Take a look at Korea Natural Farming and their IMO and OHN and add these. Maybe some 'charged' biochar. Acres USA is a good resource for these and many other ideas.
Please let us know how you cured your tree, so we can add your method to our lists. It sounds like you are asking the right questions !!
warm regards, John
Thanks so much for the blog post, Anna! We live about an hour west of Asheville - so a very similar climate to your homestead, just warmer. And we had a wet summer, just like you.
I learned about brown rot from another post you had and have wondered if that's what my tree has but the fruit doesn't look anything like the photos you have. The tree will get very small nectarines all over - very lovely - and then they rot and shrivel up, almost like a raisin! Every year it produces abundantly and every year they shrivel up before they're anywhere close to picking.
I will try the mulching/tree branches around the drip line. Thank you also, John, for the tips. I'm curious - why seawater? I have heard of the other additions, but not that one.
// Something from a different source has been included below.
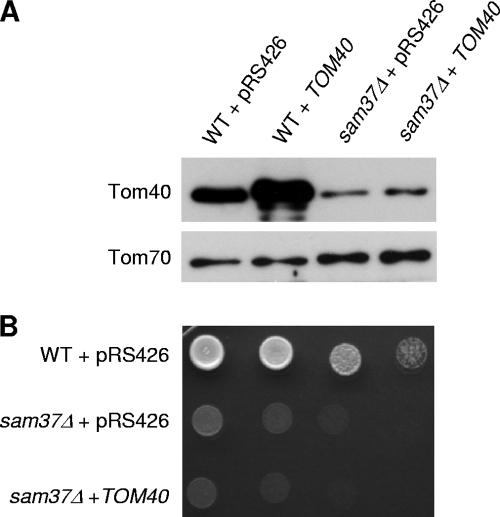 FIG. 8.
Karyn --- Thanks for those extra details! There are several other potential fungal diseases, but brown rot might still be the culprit. I'm careful to cull peaches very early in the rot stage, because by the time they start shriveling up, they've produced spores to spread the disease far and wide. But if you leave them alone, they do produce "mummies" that look like gray raisins. You might try running a google image search for "brown rot", and maybe also just for "peach disease" and "peach mummy" and some other similar keywords. That's often how I diagnose new problems nowadays.
John will probably chime back in, but I'm assuming the seawater would be to provide micronutrients like the his other suggestions.
Two things have worked for me:
1) As you do, I bring peaches in just before ripe. Usually mine take 2-4 days to ripen indoors on the counter once I pick them. I still lose some to brown rot inside but it is much reduced. This also helps with deer, if an issue, because they seem more interested in peaches that are fully ripe on the tree.
2) Prune heavily in the off-season. Brown rot infects wood, as well. Sometimes with a brown-rotted peach you can see that the adjacent leaves have yellowed and the twig has turned black, also. Larger branches can have cankers. This all needs to be removed or it will serve as a reservoir of infection in the next year. Also carefully clean the ground for mummified remains of last season's rotted peaches.
Something else: Brown rot spreads fast, but if you see a peach with a relatively small part brown-rotted, the rest is often still sweet and edible. This probably sounds gross. I cut away any browned tissue and then some, but will sometimes use the rest. If you can, you'll be subjecting the peaches to high temps anyway.